Another aspect of keyword research that can be useful for designers is competitive analysis. By knowing the other sites that rank for your target keywords, you can get an idea of what companies you’re competing against. This information can then be used to design a winning website that not only looks great, but meets the business goals of your organization or client.
4. Mobile-Friendliness Is Vital for SEO and User Experience
It’s no secret that mobile usage has been on the rise for years. But mobile-friendliness and responsive design aren’t just about providing an excellent user experience — they’re also some of the most important ranking factors used by Google to determine a site’s position on the SERPS.
Building a responsive theme or website isn’t just the web developer’s job. Some layout and design schemes are more mobile-friendly than others, so creating a website that looks and feels great on mobile devices also falls to designers.
This is especially true with mobile-first design, where the site is designed first for mobile devices, and then scaled up to desktops.
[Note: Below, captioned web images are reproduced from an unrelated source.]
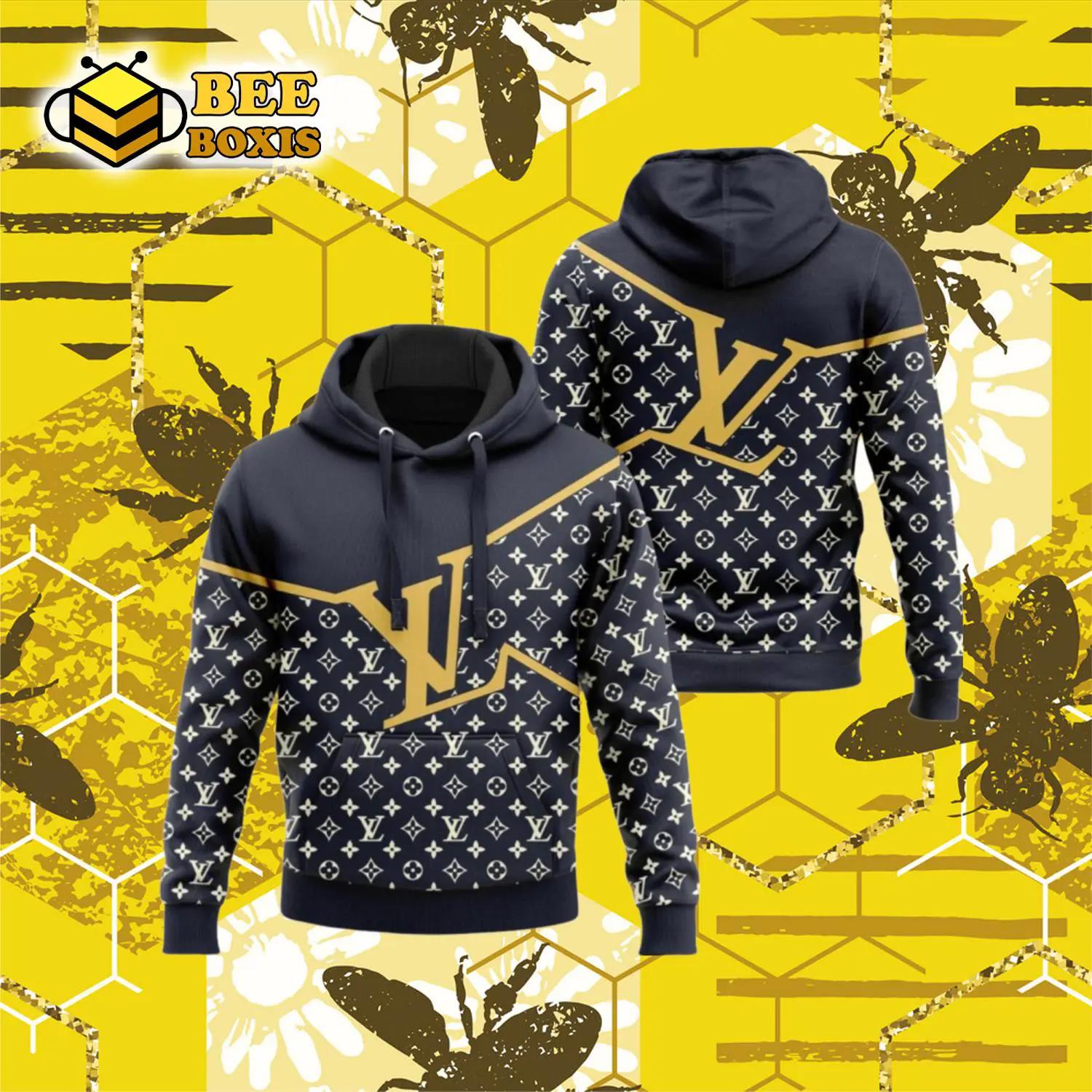 Louis vuitton black yellow logo luxury unisex premium hoodie luxury brand outfit for men women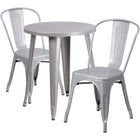 24'' Round Silver Metal Indoor-Outdoor Table Set with 2 Cafe Chairs [CH-51080TH-2-18CAFE-SIL-GG]-Metal Cafe Table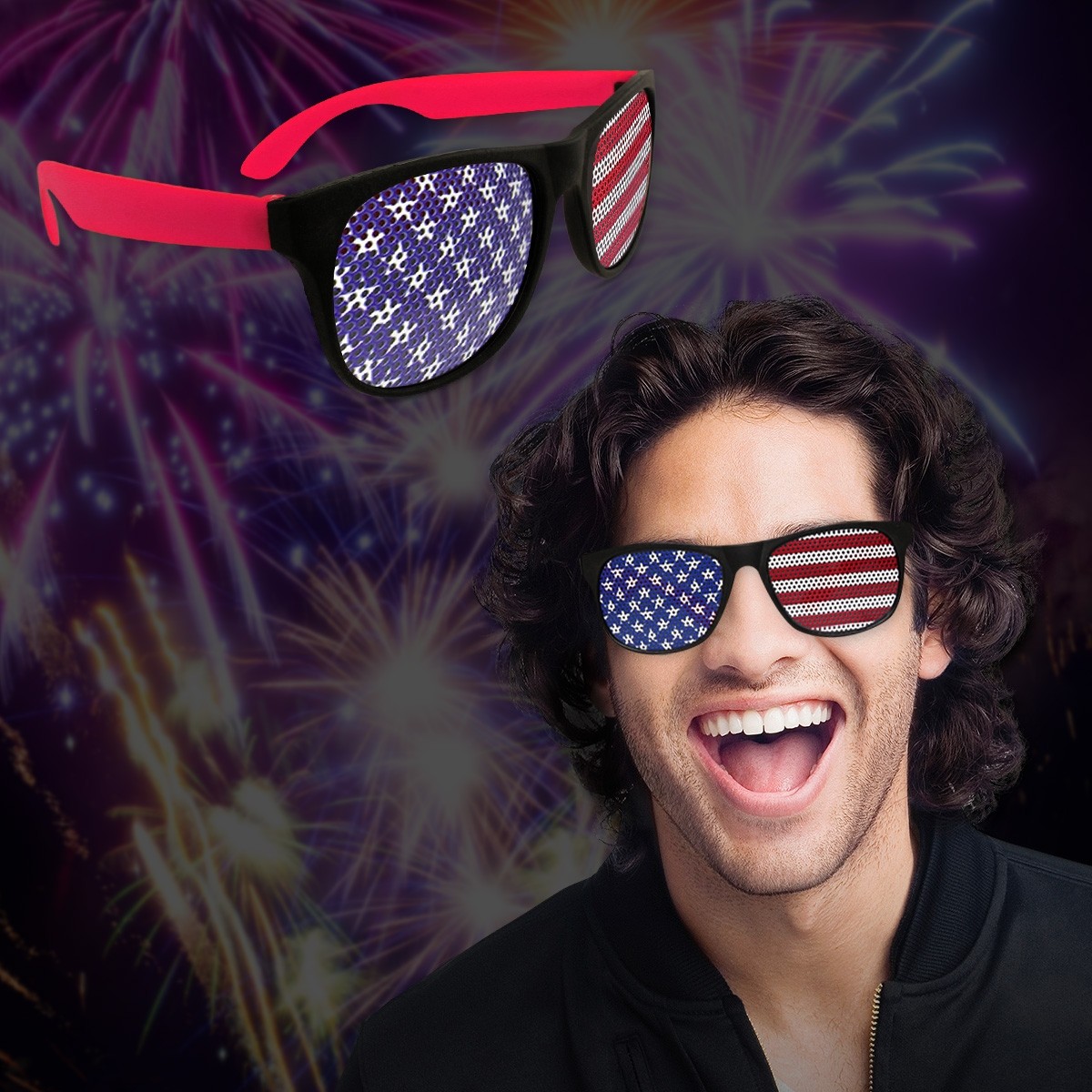 American Flag Neon Red Billboard Sunglasses 2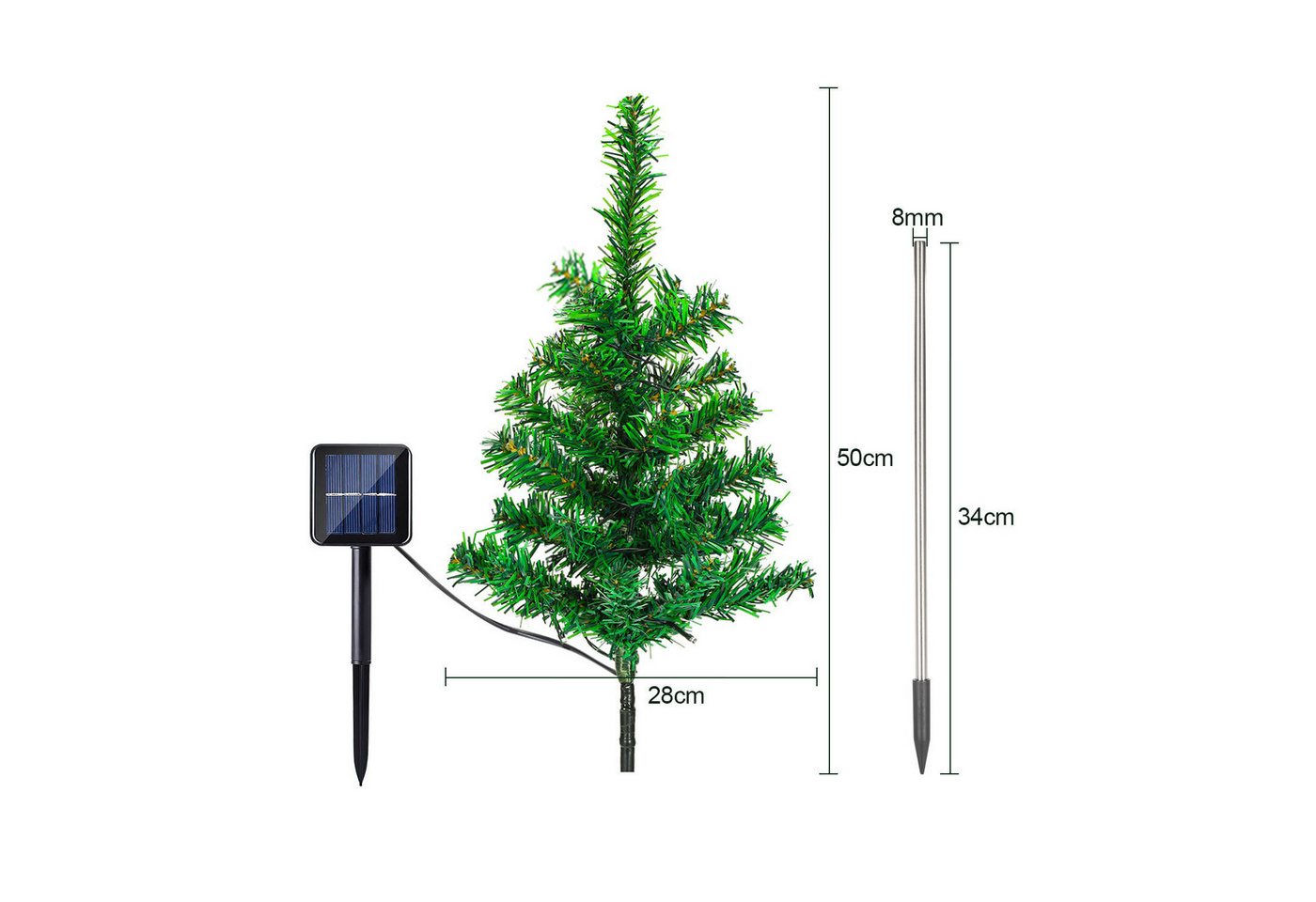 Clanmacy LED Dekolicht Solar Weihnachtsbeleuchtung Aussen Wasserdicht IP65 für Weihnachtstag, Zierpflanzen Beleuchtung Bild 5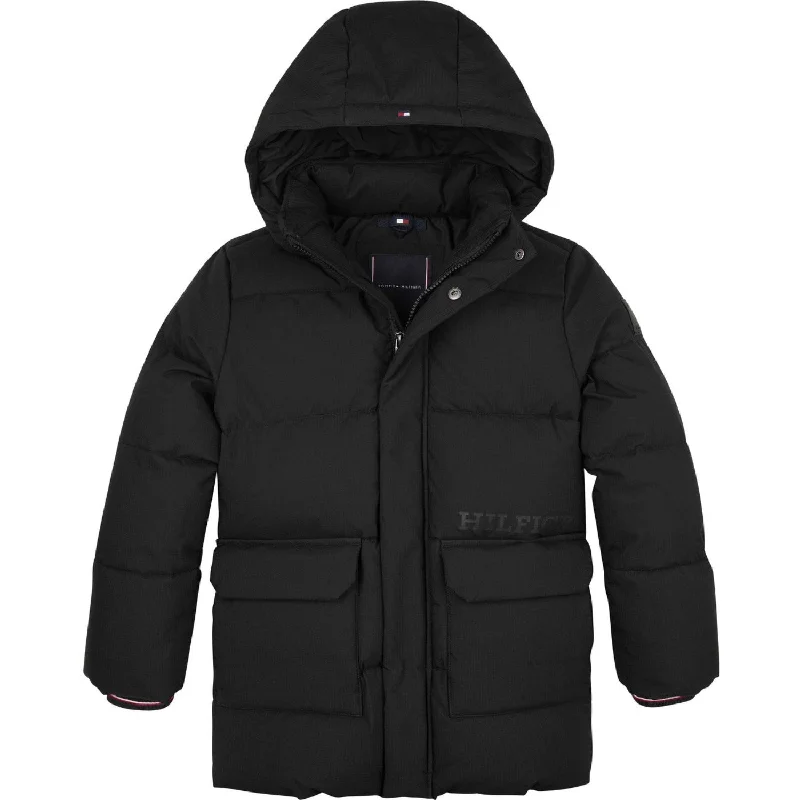 Fitted wool winter coats for women Tommy Hilfiger Black Monotype Ribstop Puffer Jacket Fitted wool winter coats for women Tommy Hilfiger Black Monotype Ribstop Puffer Jacket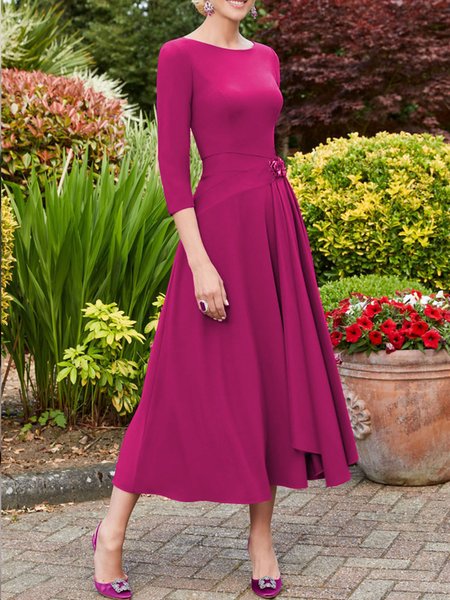 

Elegant Crew Neck Three Quarter Regular Fit Dress, Rose red, Midi Dresses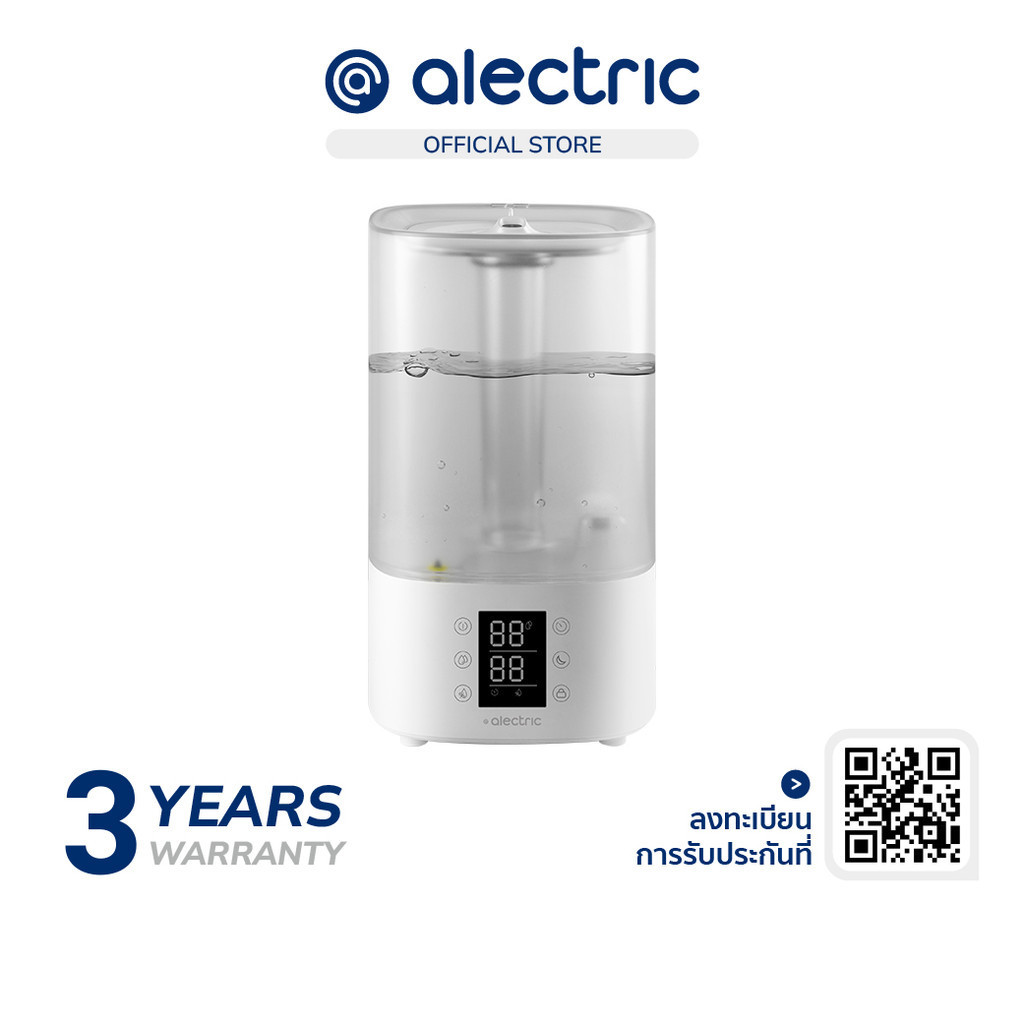 [ซื้อครบ2,000ส่งฟรี] Alectric Air Humidifier เครื่องทำความชื้นอัจฉริยะ หน้าจอดิจิตอล 3.8L รุ่น AH1 - รับประกัน 3 ปี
A truly mobile-first experience is different from responsive design — it calls for an approach that’s scaled back and simplified, yet still feature-rich and beautiful.
5. Accessible Design Is a Win-Win
There is a tremendous amount of overlap between design elements that are good for accessibility (and usability in general) and those that are good for SEO.
Consider Google’s latest push with Core Web Vitals, for example: they put emphasis on the loading, interactivity, and visual stability of a site, which are all critical components for the user experience, as well.
At the same time, accessibility features like image alt text, heading structure, and even link anchor text can play an important part in both making your site usable for everyone and, at least in some cases, in SEO.
As such, designing a site to be as accessible as possible accomplishes two important things: First, it helps make your site friendlier and easier to navigate for everybody. And then it jumpstarts SEO and pushes the site up on the SERP. It’s a true win-win situation (for once!).
Improve Your Design Chops With Knowledge of SEO
Whether you’re a brand-new designer or an agency veteran, there’s always room for improvement. While SEO know-how might not be the first place many designers start, there’s definitely a lot that can be applied throughout the design process. In the end, it all leads to better design, more effective websites, and stronger results.